Why did fonts go so wrong in Windows? [closed]

Microsoft have done a series of efforts to make the fonts look better on different screens. For instance, Microsoft invented ClearType, which was absolutely breathtaking back in 2000, and they created custom fonts such as Segoe UI which also—back then—looked like an excellent alternative to the existing fonts. I remember, a long time ago, that the default rendering in Windows looked much, much nicer than the custom one in Adobe Photoshop (running on Windows), which was always muddy/blurry/weird.

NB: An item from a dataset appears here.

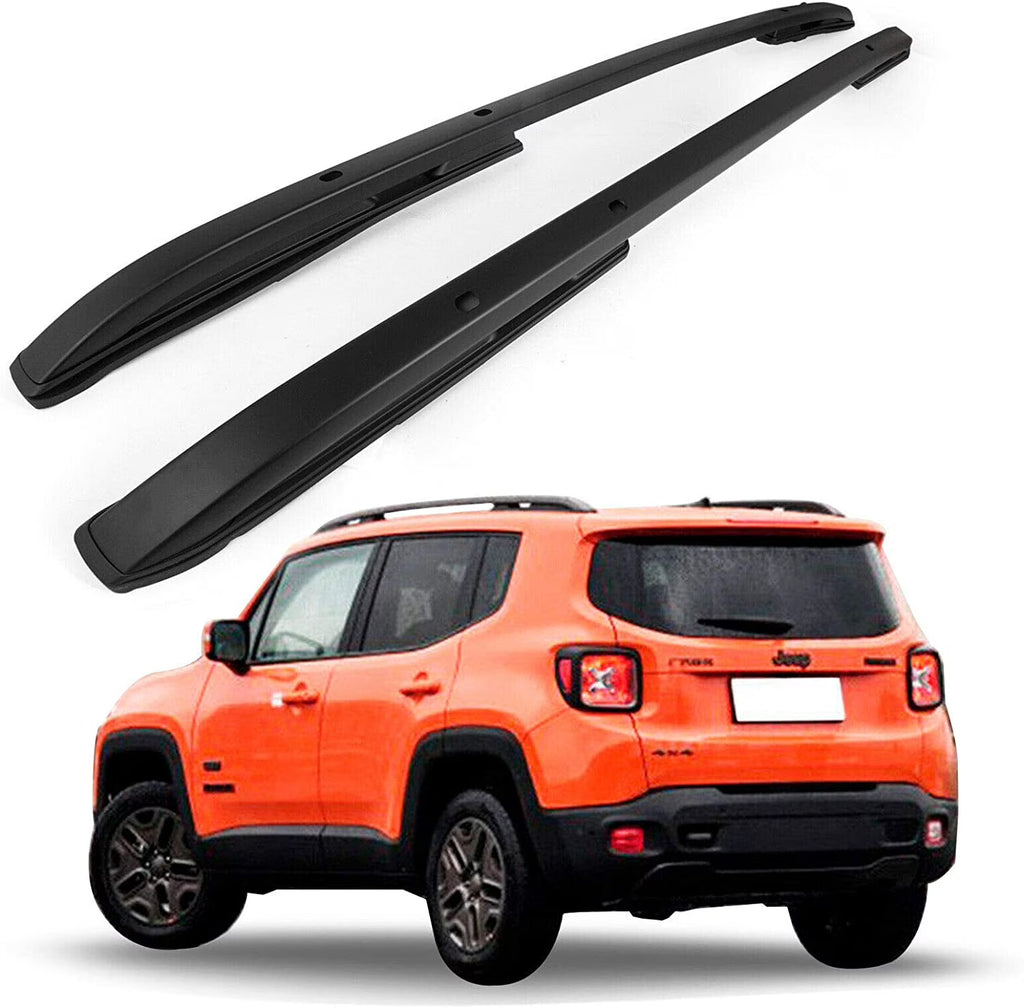 Roof Rack Side Rail Roof Rails Black Luggage Carries T9441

Despite their efforts, it doesn't seem that they are doing great compared to the competition:

  1. I maintain a website where I take great care about how things look, which includes anything related to text: fonts, sizes, spacing, text rendering. As I work on Linux, I'm always surprised how the site looks ugly on Windows. It should be the same font (from Google Fonts), but at pixel level, it just doesn't look right. Aside, Unicode characters get smashed, spacing is changed, etc. What a mess.

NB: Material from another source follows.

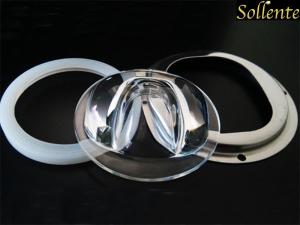China 92mm Street Light Reflector LED Glass Lens For Outdoor LED Road Lamp on sale
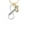 J, variant on Daughter Infinity Sign - A - Gold Tone Crystal Initial Sophia Necklace, 18" 1"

  2. Recently, Stack Overflow announced that the custom fonts will be replaced by the default system ones. I wasn't at all optimistic about the change before they did the switch, but one morning, when I discovered the new version, it looked actually better than the original. More readable on Linux at least. On Android, I don't see much of a difference (maybe because I don't use the site as much on a smartphone). Similarly, a colleague who uses an Apple computer found that the site looks much better now.

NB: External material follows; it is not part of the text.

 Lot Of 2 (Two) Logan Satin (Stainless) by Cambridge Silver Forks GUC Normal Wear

    To my surprise, the announcement received plenty of negative comments:

    • “The fonts look truly horrific.”
    • “Oh my eyes... this font seems pixelized.”
    • “Ewww (Windows 10). Can we have the old ones back please?”
    • “Code fonts look blown out (font-weight) and fuzzy at the edges.”
    • “As a nearly 50 year old viewing the site on Windows 10, this change is terrible for my aging eyes.”

    The comments go on, and so do the upvotes of those comments. Although some don't tell what OS are they using, many do confirm that they are Windows users.

I would expect—exactly as Stack Overflow designers expected—that the default OS font should be highly optimized, properly configured for a given device. It seems that this is the case for Apple, Linux, and Android, but absolutely not the case for Windows.

How did it go so wrong for Microsoft?